I was pointed by Harold Jarche to Dave Snowden talking about the coming age and the characteristics of what it will take. He documents a shift from mechanistic to systematic, and posits that the coming age is chaotic, requiring a new approach. Dave terms this ‘praxis‘, a continual cycle of experimenting on the basis of theory and reflecting, rather than pre-determined approaches.
Harold wondered whether this counted as meta-learning, and I’d have to say yes. You not only are looking at the outcomes of your intervention, but you’ve got to be paying attention to your process, and revising the theory and the practice as well as the problem-solving. It may seem like an awful lot of overhead, but these skills become practiced, and the outcomes are far better in the long run.
Things aren’t slowing down. I was reflecting earlier today on how quickly the ‘iClones‘ came after the announcement of the iPhone. Things are moving faster, we’re being showered with more and more information, and asked to do more and more with less. Most importantly, the fundamental game changes, where a whole industry is upended by a disruptive innovation, are getting so frequent that there is no longer a period in which to adapt to a steady state: change is the steady state.
Everything of any value at work will be adapting to change and solving problems. The processes you’d execute against will be out of date by the time they’re codified. You’ll instead be applying frameworks, and monitoring the results while you refine the models and your approach.
At a personal level, this means meta-learning: learning on an ongoing basis, developing your learning skills and continually problem solving. It’ll also mean collaborating, as it’s no longer sufficient to assume you can do it yourself; there’s power in numbers, when managed right. So you’ll also have to develop and evolve not only personal learning, but learning to learn with others. (That’s one of things Harold, Jay, Jane and I are working on via TogetherLearn.)
This naturally implies the skills of larger groups of people, and at the organizational level it means continuing to experiment as well, and providing the tools and the space to learn. It also means being systematic and continuous about review. (Doug Engelbart, ahead of the curve as always, has even suggested another level, where nodes of meta-learning collaborate to review the meta-learning!)

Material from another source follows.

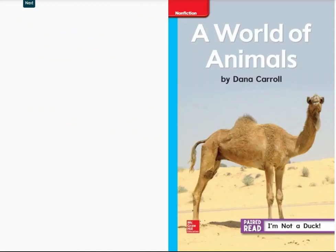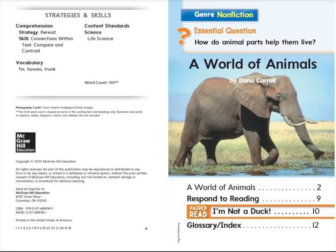A World of Animals by Dana Carroll. This is a non-fiction book with the essential question: how do animal parts help them live? Let's begin.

It’s attitudinal, too, as you’ve got to keep it from being scary, and let yourself remember that learning is fun. As Raph Koster tells us, learning is fun (at least until we kill that thought with schooling). So, let’s start having fun!
Ken Allan says
Kia ora Clark
I think your right, but it’s not that we have to put fun into learning. It is as you alluded. Schooling has taken the fun out of learning. I’ve always believed that fun is the natural companion to learning.
There are a number of indicators in your post that shake my interest:
– shift from mechanistic to systematic,
– cycle of experimenting… …theory and reflecting,
– change being the steady state,
– adapting to change,
– continuous learning to learn,
– collaborating nodes of meta-learning.
These attributes precisely describe a complexity system – its dynamic nature with no position of equilibrium, systematic and adaptive rather than mechanical, etc.

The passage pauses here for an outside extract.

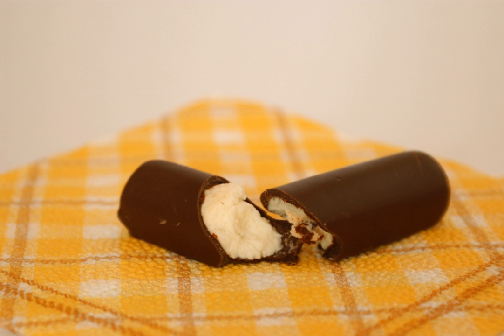Túró Rudi is the name of a curd snack popular in Hungary since 1968. The bar is composed of a thin chocolate-flavored outer coating and an inner filling of túró. The 'Rudi' in the product name comes from the Hungarian 'rúd', which translates to 'rod' or 'bar', and is also a nickname for the name Rudolf.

The key main qualities of a complexity system are ability to transform, self-transforming, that is adaptive – and the synergy from the activity between and within its individual components, that is emergent.
The study of complexity is relatively new. Communities of practice are what came to mind when I read what you said of the skills of larger groups of people and learning with others.
I’ve déjà vu about all this. I’ve the strong impression that people working together in this way has been visited before in the history of human development, perhaps hundreds or thousands of years ago, when ‘community’ was essential for human survival.
An analogy to the way we have worked and learned in the past is the development of the nuclear family – insular, dependent on self-sufficiency.
Somehow I feel that ‘coming of age’ will embrace so much of this not-new way of growing, of learning, of working together. It may even mean the disappearance, from western civilisation, of the nuclear family as we know it today.
Catchya later
from Middle-earth
Breanna Hite says
It’s rather remarkable to me how the internet era has reinforced some good things that should have been goals all along (ie, learning being fun) by making them both easier and more urgent. I feel very grateful to live now.
Clark says
Ken, I think the notion that we’re returning to ways from the past is insightful, though I also reckon as we’ve spiralled back we have new ways and tools of knowing that make it a more informed approach. That is, in our ongoing dance between acting and reflecting, in the reflecting stage we have more powerful frameworks and tools to guide us both on our actions, and how we reflect on our actions.
Breanna, yes, we’re definitely learning in ‘interesting times’. Sounds like you’ve got the right attitude!